Suppliers, buyers and managers need to reverse this trend. But doing so is easier said than done—especially for a younger generation of corporate travelers who want to feel liberated and empowered.
“Value can be delivered by managing travel,” Sorenson said. “I don’t think that’s changing at all. I think there are still powerful reasons to manage travel.”
The carrot is much more effective than the stick in this respect, according to David Cush, president and CEO of airline Virgin America.
“You’ll have to build something they want to go to,” he said. “You have to have the carrot. You have to have something that they know is an effective tool to manage travel as opposed to, ‘This is something my boss wants me to do.’”
That means developing intuitive platforms that allow travelers to effortlessly search, book and manage their corporate travel.
“Our goal is to create, using technology, an offering that allows corporate travel buyers to make the best possible use of that constrained resource,” said Barney Harford, CEO of Orbitz Worldwide.
Technology can enable and inhibit those efforts though, said Luis Maroto, president and CEO of global distribution system Amadeus. With so much information available today, corporate travelers often become overwhelmed and frustrated.
“There’s a clear need to integrate this content to see what is relevant. … We need to really make sure that the real content and the content that makes sense to the traveler is offered to them,” he said, adding each traveler has different needs and the search process should be personalized.
Sorenson agreed. “Data and technology and mobile are so broad … There are places where it’s a much more basic question, and it’s a question of which data do you need and how do you use it?”

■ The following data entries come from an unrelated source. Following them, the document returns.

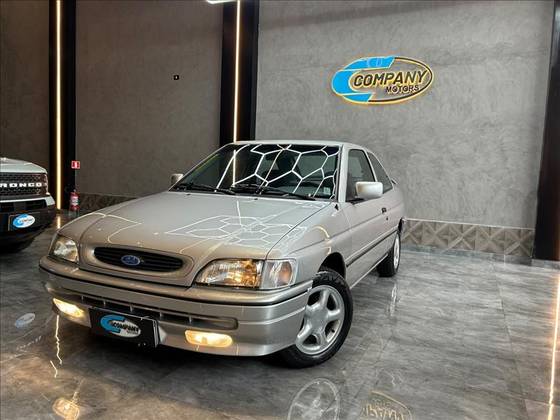 FORD ESCORT 2.0 I RACER 8V GASOLINA 2P MANUAL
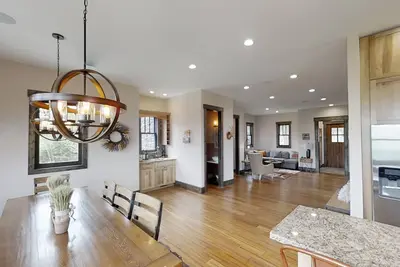 Image de Unique 6br Mountain Getaway - perfect for groups! by RedAwning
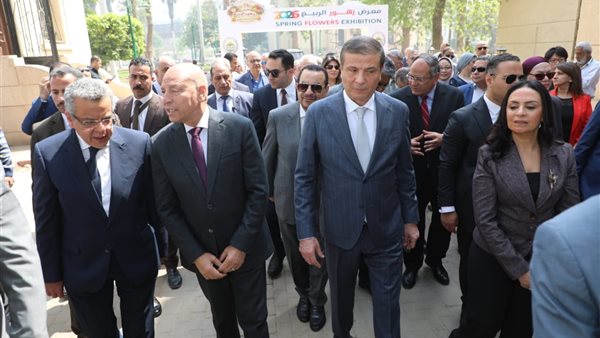 افتتاح معرض زهور الربيع 93 بحضور محافظ القاهرة ووزيري الزراعة والتضامن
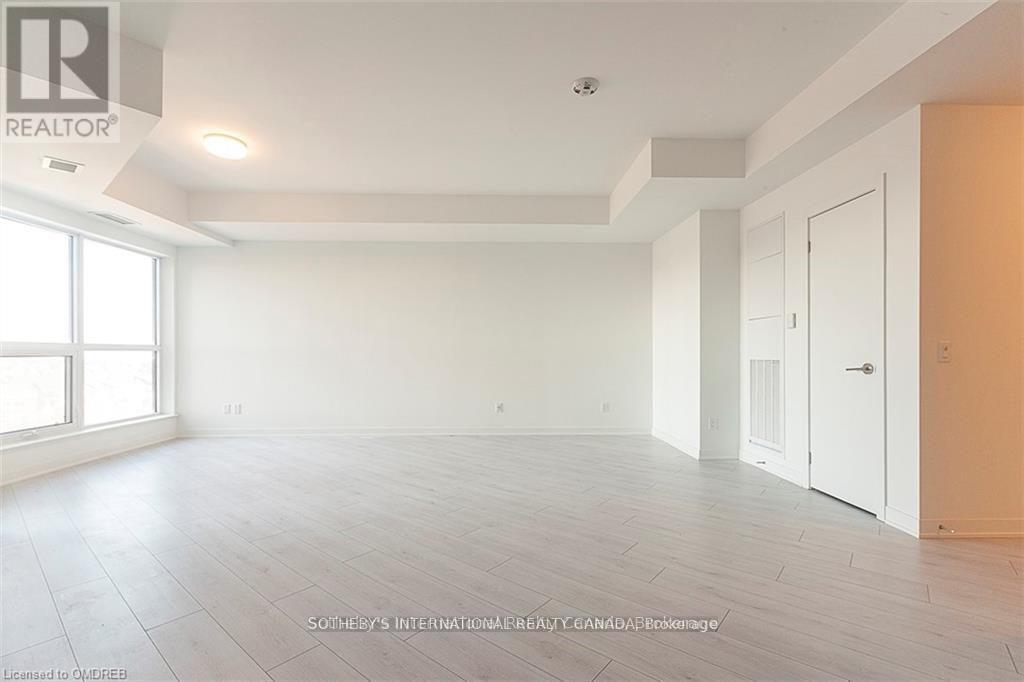 601 - 405 Dundas Street, Oakville, Ontario  L6M 4P9 - Photo 9 - W12210545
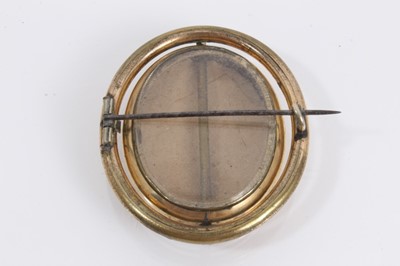 Lot 893 - Georgian rose cut diamond cluster ring and a Victorian gilt metal glazed locket brooch (2)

Suppliers and buyers should concentrate most, if not all, of their efforts on mobile, Cush said. Corporate travelers need to search, book and manage travel while away from their desks.
“The (personal computer) is dead,” he said.
A growth market
The fact that maintaining control of corporate travelers is even a concern is a very good thing, the CEOs agreed. That means travel, by and large, is increasing.
“The world economy is doing fine,” Maroto said. “Overall, we should be optimistic about the traffic volumes.”
While he is optimistic about the “medium-term” outlook, he admitted the next six to 12 months will prove difficult in Europe.
But even in the volatile eurozone there are highlights, Sorenson said.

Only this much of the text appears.